‘The immigrant and the stranger’: South Philadelphia’s Vietnamese community welcomes growing, diverse Asian population
South Philadelphia’s Little Saigon has become the heart of a growing, increasingly diverse Asian population that has made the city feel more like home for immigrants—but has also raised challenges.
When Kristen Hy thinks back to her childhood, she remembers playing with the children of other business owners outside her father’s South Philadelphia shop, Wing Kee China Importer Inc., every day after preschool.
The store, which her family has owned for over 20 years, is packed with rows of religious figurines, jewelry, red lanterns and other tokens that evoke her parents’ homeland. Browsing the small but crowded shop, located on Washington Avenue near South 12th Street, shoppers can find everything from Buddha statues to joss paper.
Hy’s father, who emigrated from Vietnam but is ethnically Chinese, operated various other small businesses before opening Wing Kee in the 1990s. It’s the store he’s owned the longest and Hy, 17, has helped run the place since she was a kid.
“Now I can actually reach the cash register,” she said recently.
In those days, the stretch of Washington Avenue between South 6th and 16th streets now known as Little Saigon wasn’t the lively business community it is today, her older sister, Kelly Hy, 29, recalled.
“Across from our store used to be a warehouse. Now it’s a plaza that has two Vietnamese restaurants, a Chinese restaurant, a jewelry store, a bubble tea restaurant.”
— Kelly Hy
Their parents, Kelly Hy said, decided to move to Philadelphia from California after visiting a friend in the city on their honeymoon in the 1980s. At one point during their trip, the sisters’ mother wanted to buy Asian groceries but couldn’t find the sort of store where they’d find them back on the West Coast.
Her parents, Hy said, saw an opportunity to make a living serving Philadelphia’s tight-knit Vietnamese community–a group that experts say has been a cornerstone of Philadelphia’s growing and increasingly diverse Asian population.

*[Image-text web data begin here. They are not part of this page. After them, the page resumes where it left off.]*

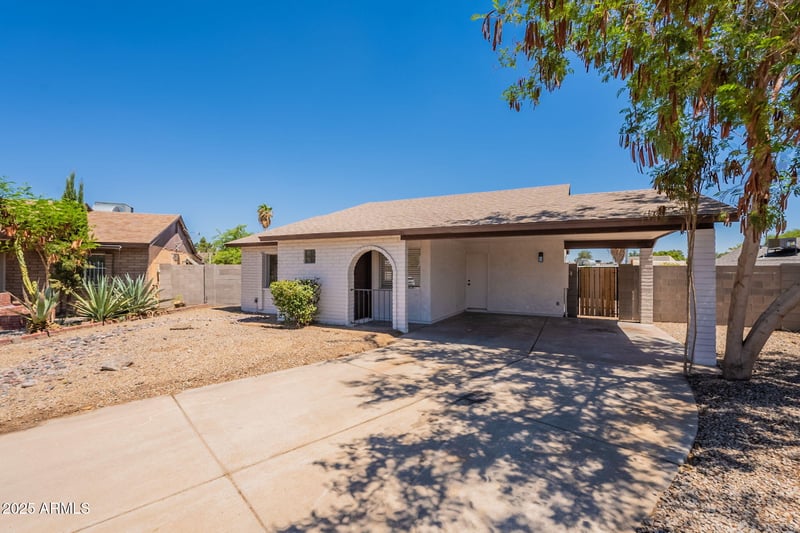 521 Wickieup Ln, Phoenix, AZ 85024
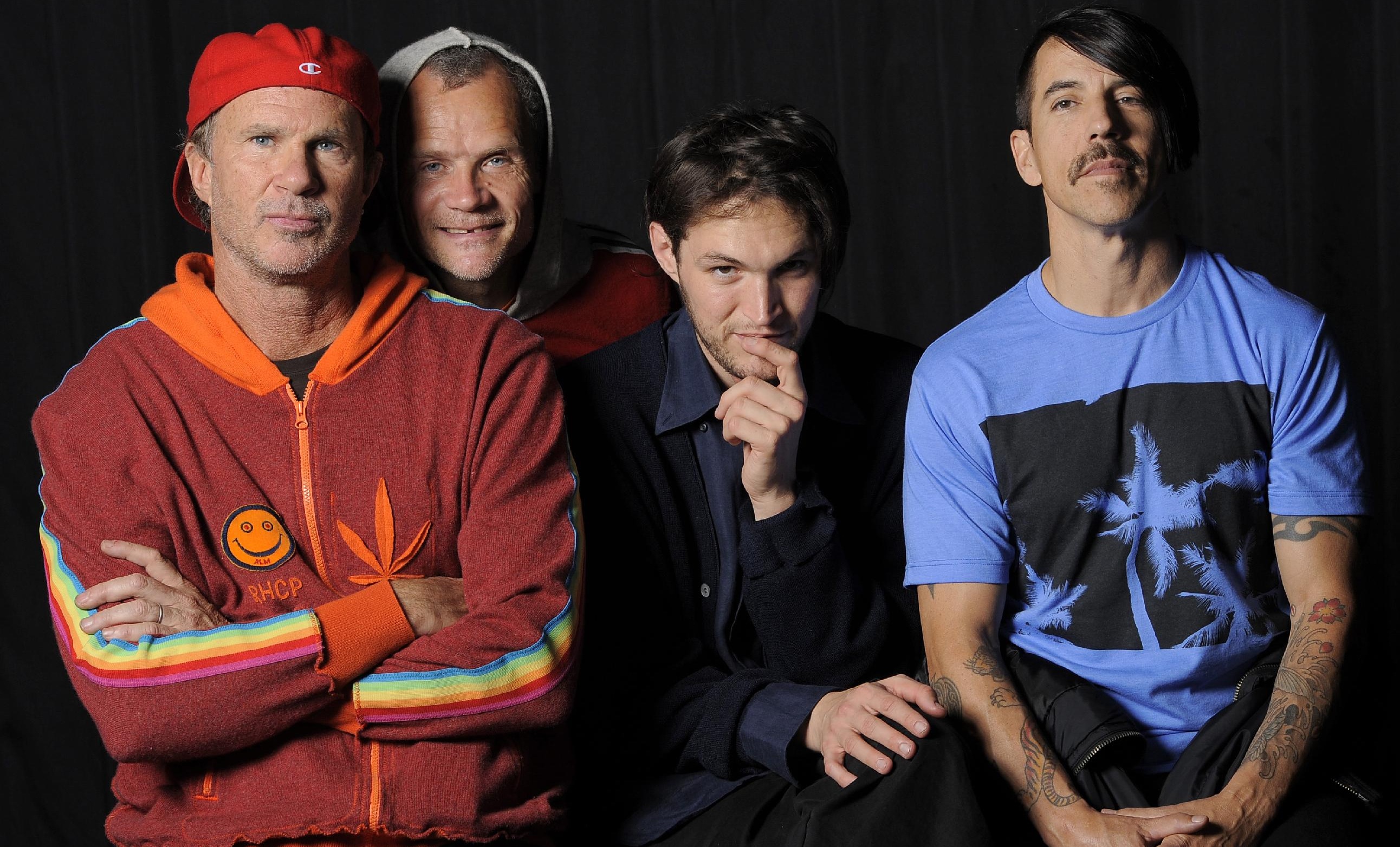 Red Hot Chili Peppers Wallpapers - Wallpaper Cave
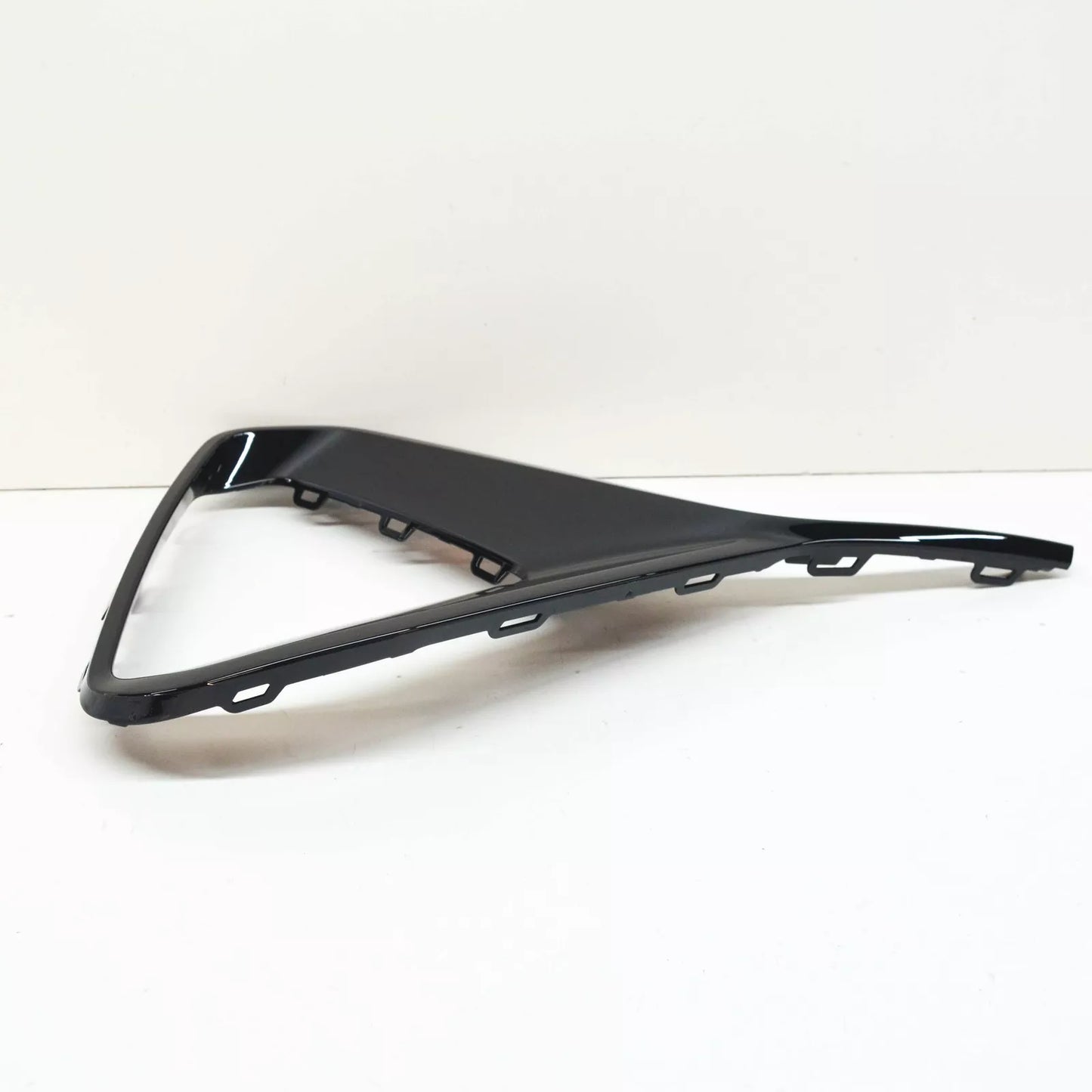 NEW AUDI E-TRON SPORTBACK FRONT RIGHT BUMPER TRIM COVER 4KE121342Y9B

Between 2000 and 2010, the Vietnamese population increased by almost 25 percent, while the total population of the city stayed more or less the same. The Asian population overall grew by 42 percent.
For many Asians, the influx has made Philadelphia feel more like a home, but it’s also raised new challenges for community leaders, neighborhood institutions and the city as a whole.
Changing population
A customer makes a purchase at Wing Kee China Importer Inc. (Photo by Nisa Khan)
The growth in the Asian population has been spread out across the city, but many have settled in historically black and Italian neighborhoods of South Philadelphia. Here, signs on storefronts are written in English as well as Asian languages, and strip malls full of Vietnamese businesses are walking distance from blocks of row houses.
Of the five census tracts where the Asian population makes up a largest percentages of the greater population, three are in the southern part of the city. Areas with large Vietnamese populations are also concentrated in South Philly neighborhoods, according to census data.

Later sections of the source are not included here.